Raymond was a Lutheran kid, but this performance did not take place at a church function, nor at a barn dance, or any other simple social gathering. No, “Home on the Range” was his contest song, by performance of which in the category of “boys’ low solo,” the lad qualified out of the Border League for the upcoming state music festival.
The song appeared in the contest program identified simply as “Home on the Range, Texas Song.” Since the ballad hunter John Lomax published it in his 1910 book, Cowboy Songs and Other Frontier Ballads, the song had been considered as belonging to the state of Texas.
Which was the case with a lot of Great Plains folksongs, I can tell you. In the history of folksong there is a great sucking sound coming out of Texas, whereby songcatchers working that beat convinced Americans that the Lone Star State was the point of origin not only of the long drive and Texas fever but also of every prairie ballad you ever heard.
The same year that young Raymond was the hit with his “Texas Song” at the music festival in Crosby, President Franklin Roosevelt declared “Home on the Range” was his favorite song. Not long after that attorneys scrapping over royalties for the song discovered that it had originated with Dr. Brewster Higley and the Kelley Brothers orchestra of Smith County, Kansas, in the 1870s.
Late to the party, Kansas laid claim to “Home on the Range” by designating it the state song in 1947.
But what about young Raymond in North Dakota? How did he even know there was this native waltz of the prairies that he might perform? And where would he get a musical score for his accompanist?

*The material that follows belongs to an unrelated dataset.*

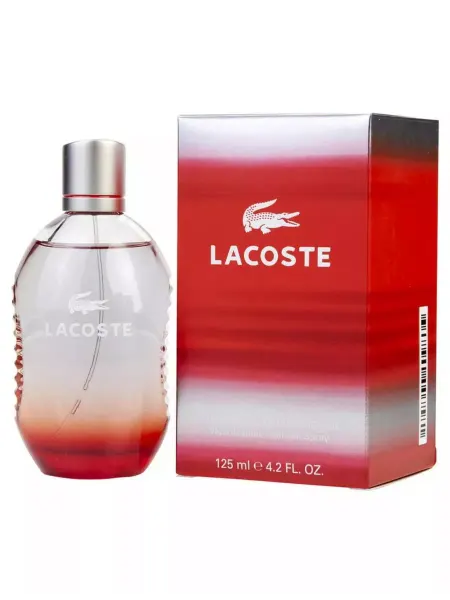 Мужские ароматы - Туалетная вода Lacoste Style In Play 125мл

The answer is a fellow named David Wendell Guion, a composer who combined classical training with a love of folk music and an affection for his native state of Texas. Guion commenced the composition of musical settings for songs like “Goodby, Old Paint,” “Bury Me Not on the Lone Prairie,” and, of course - “Home on the Range.” He wrote orchestral arrangements, choral arrangements, and vocal solos with keyboard accompaniment.

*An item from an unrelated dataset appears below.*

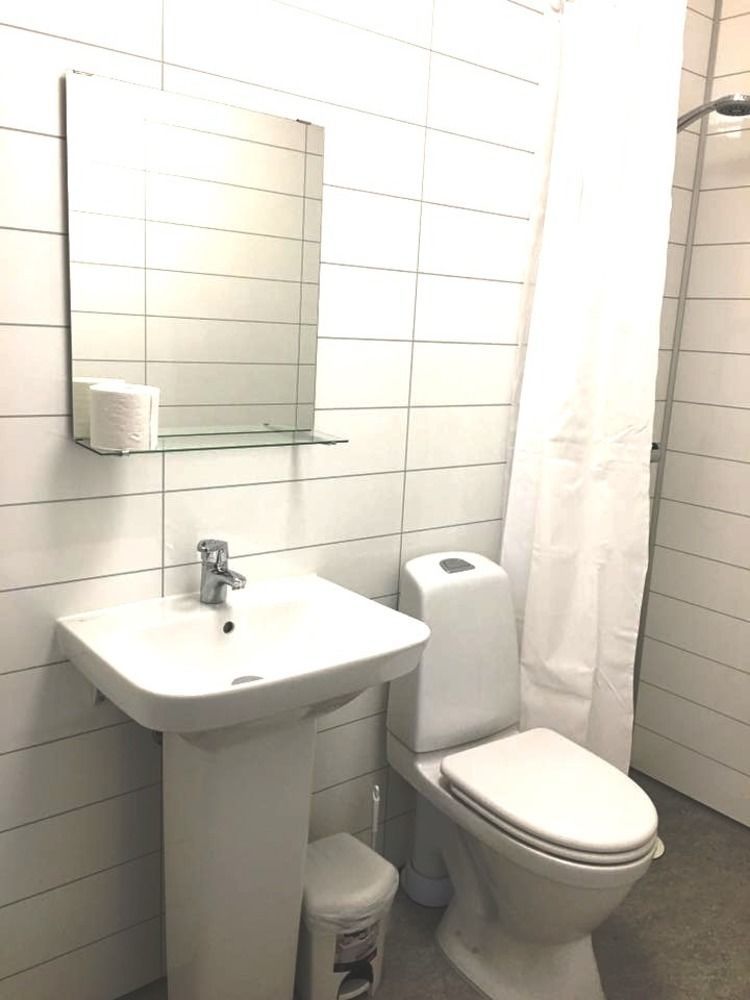 Отель Vestby Park Экстерьер фото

Using a new database indexing newspapers, I searched North Dakota references from the 1930s and found that commencing in 1933, “Home on the Range” appears in public musical programs in town after town: wedding anniversary celebrations, school assemblies, college concerts, Farmers Union meetings. In August 1940, far away from either Texas or Kansas, for the funeral of a Badlands ranch woman named Mrs. H. C. Short, the pallbearers all dressed in cowboy regalia, and at graveside, a robed choir sang - “Home on the Range.” David Guion was the reason.
Some forty years ago I finished a folksong performance at a nursing home in Pratt, Kansas, with “Home on the Range.” Suddenly one of the residents sprang from her chair, trotted over to the piano, and declared, “I’ll show you how we used to do it at the literary!” She then performed the “Give me a land where the bright diamond sand flows leisurely down the stream” verse, with its high musical phrases, and taught me how to sing it.
As a country singer, I called it the “bridge” of the song. It is, in musical fact, a tessitura, an artistic flourish inserted into the song by its arranger, David Guion. Now we know.